- Narayansthan Location in Nepal Narayansthan Narayansthan (Nepal)
- Country: Nepal
- Zone: Dhaulagiri Zone
- District: Baglung District

Population (2011)
- • Total: 2,876
- • Religions: Hindu
- Time zone: UTC+5:45 (Nepal Time)

= Narayansthan =

Narayansthan is a village development committee in Baglung District in the Dhaulagiri Zone of central Nepal.It is located above the bank of Kali gandaki River. Now, it has become one of the major important place in baglung. They have planned to construct the domestic Airport. At the time of the 2011 Nepal census it had a population of 2,876 and had 781 houses in the town. The major castes living in the VDC are Brahman, Chhetry and Newar. There are 2 high schools - Janatadhan Higher School and Ganesh Secondary School and one campus. Krishna Gandaki Campus is at the premises of Janatadhan HSS. Ganesh Secondary School, one of the best schools in the region is known for its quality education movement. Established in 1957 [2014 BS] by Soldier Board (India), Ganesh Secondary School is one of the oldest schools. In 1964 [2021 BS], the Indian Soldier Board stopped its grant. Since there was no school support mechanism developed from the Government of Nepal, the school passed through many ups and downs. After Modern Education Act came in effect in 1971 BS [2028 BS], the school merged with Janatadhan Higher Secondary School. In 1980 [2037 BS], the school was reopened.

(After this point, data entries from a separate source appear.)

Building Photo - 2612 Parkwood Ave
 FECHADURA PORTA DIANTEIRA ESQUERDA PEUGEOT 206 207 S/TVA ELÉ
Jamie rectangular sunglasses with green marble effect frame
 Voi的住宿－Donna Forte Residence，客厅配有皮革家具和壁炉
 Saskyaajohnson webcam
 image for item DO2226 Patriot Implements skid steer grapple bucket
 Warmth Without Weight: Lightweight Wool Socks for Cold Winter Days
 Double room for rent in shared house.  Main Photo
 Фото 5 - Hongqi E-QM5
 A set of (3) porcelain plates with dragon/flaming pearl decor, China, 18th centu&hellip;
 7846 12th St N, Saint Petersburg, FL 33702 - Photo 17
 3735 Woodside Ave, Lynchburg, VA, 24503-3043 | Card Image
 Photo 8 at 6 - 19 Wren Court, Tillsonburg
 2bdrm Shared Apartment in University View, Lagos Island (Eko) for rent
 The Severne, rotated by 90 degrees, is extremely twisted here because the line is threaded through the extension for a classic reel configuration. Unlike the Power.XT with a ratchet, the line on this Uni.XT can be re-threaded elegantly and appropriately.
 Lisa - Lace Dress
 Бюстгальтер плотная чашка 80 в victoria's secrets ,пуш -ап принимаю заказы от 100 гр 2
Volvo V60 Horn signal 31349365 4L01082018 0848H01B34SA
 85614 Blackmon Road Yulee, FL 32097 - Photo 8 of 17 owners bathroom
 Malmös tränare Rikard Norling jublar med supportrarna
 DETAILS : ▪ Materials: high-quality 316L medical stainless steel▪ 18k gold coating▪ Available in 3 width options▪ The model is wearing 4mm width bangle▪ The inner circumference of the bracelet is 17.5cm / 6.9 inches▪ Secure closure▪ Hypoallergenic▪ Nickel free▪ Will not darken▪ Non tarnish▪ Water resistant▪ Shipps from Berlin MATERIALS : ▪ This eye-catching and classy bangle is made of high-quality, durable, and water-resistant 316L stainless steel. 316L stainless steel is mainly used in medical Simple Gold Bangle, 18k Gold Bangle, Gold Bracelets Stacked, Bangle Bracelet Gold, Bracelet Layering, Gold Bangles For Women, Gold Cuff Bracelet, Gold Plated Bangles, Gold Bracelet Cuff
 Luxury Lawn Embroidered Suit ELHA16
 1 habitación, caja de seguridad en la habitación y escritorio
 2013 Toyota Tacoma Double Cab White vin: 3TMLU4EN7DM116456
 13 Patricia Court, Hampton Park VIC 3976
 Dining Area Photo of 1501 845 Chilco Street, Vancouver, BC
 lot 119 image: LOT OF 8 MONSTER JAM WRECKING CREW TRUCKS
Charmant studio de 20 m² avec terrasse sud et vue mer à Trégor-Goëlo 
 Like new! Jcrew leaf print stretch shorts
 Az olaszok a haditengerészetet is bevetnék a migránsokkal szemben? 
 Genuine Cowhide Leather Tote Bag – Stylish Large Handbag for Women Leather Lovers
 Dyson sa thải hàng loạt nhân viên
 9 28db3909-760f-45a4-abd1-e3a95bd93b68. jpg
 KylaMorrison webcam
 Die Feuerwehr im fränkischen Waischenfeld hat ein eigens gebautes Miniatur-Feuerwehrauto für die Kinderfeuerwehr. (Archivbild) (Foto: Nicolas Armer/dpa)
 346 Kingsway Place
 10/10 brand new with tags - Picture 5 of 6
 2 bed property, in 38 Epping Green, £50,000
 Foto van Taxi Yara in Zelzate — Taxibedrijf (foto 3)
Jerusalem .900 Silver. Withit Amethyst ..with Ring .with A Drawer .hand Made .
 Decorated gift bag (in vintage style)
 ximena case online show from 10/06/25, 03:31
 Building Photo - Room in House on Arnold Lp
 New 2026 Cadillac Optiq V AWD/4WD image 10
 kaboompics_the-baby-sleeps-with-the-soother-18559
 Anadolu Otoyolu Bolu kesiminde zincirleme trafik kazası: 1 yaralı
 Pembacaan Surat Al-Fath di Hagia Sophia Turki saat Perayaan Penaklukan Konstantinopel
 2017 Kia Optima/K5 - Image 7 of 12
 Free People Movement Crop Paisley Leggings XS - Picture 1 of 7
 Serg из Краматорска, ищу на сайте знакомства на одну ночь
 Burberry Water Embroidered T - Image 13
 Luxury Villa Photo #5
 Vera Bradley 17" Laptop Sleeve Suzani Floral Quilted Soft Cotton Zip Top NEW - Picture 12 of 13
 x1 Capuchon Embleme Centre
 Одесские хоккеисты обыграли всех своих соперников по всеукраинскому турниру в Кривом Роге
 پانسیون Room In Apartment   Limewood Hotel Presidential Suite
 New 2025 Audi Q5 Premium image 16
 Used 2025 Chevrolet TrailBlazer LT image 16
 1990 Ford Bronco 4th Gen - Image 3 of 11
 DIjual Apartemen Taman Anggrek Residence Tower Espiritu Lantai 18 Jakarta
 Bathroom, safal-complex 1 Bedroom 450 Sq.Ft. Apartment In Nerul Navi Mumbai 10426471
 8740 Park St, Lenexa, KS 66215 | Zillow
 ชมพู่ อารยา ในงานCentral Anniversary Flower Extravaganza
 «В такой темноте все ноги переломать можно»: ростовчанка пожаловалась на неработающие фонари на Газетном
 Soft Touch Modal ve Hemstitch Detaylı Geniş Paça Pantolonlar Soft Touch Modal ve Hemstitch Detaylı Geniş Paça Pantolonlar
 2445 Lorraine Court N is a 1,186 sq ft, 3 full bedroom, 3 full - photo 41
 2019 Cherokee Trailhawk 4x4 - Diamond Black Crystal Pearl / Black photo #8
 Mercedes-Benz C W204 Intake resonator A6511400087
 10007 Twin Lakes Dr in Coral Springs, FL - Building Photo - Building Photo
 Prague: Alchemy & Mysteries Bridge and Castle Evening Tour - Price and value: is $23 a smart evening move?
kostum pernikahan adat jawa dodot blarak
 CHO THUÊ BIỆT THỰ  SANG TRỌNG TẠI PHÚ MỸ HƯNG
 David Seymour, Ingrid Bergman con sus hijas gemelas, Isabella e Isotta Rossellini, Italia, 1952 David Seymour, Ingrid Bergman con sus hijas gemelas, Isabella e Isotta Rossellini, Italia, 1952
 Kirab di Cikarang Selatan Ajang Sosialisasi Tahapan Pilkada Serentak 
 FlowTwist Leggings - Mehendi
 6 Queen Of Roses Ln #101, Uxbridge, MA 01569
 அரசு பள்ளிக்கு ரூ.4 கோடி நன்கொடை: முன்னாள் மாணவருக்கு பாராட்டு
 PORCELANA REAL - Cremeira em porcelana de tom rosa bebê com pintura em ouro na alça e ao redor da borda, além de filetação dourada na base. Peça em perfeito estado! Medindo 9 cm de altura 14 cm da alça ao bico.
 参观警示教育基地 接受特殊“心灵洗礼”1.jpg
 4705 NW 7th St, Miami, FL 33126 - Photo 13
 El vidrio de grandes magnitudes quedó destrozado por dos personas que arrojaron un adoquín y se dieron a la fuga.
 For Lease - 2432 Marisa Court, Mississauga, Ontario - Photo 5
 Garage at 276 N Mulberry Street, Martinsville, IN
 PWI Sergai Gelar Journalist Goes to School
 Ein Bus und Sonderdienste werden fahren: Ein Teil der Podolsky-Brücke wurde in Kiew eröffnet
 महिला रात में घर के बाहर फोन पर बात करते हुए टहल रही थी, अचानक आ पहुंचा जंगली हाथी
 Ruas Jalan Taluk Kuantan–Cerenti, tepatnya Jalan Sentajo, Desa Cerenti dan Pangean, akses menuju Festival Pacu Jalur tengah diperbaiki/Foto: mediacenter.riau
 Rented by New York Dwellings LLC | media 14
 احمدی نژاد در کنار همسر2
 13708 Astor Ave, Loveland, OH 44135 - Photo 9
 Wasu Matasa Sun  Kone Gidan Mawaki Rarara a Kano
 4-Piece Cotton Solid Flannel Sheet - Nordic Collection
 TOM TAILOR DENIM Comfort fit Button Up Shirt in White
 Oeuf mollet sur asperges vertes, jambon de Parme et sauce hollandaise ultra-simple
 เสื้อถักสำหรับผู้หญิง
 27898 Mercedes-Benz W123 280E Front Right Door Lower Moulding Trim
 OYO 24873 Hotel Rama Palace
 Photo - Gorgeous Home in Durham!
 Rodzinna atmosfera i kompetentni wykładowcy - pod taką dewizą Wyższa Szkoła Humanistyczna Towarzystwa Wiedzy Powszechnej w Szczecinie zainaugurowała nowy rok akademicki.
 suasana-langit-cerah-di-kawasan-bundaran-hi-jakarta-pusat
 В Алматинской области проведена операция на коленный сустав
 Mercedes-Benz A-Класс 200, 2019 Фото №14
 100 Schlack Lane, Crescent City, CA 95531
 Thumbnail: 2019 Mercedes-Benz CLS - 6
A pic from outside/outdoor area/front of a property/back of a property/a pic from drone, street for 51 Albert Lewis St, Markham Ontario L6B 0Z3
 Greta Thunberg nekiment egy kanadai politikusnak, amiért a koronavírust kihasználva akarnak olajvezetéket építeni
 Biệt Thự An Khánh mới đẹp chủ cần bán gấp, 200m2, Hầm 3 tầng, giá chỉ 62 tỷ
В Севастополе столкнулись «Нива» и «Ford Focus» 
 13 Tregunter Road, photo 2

Hatiya, the oldest bazaar of the VDC lies in ward no 5 & 6. Thulakhor is emerging as new bazar along with Garlung. The VDC is only 9 km away from district headquarter, Baglung. Two gravel roads (Baglung - Kusmisera & Kaligandaki Corridor) pass through the VDC. A cable car joins Narayansthan to Kusma, the district headquarters of Parvat. A suspension bridge from Badgaun, Kusma to Kaiya (Narayansthan-9) is another way to travel to Narayansthan. Kaiya has fertile land.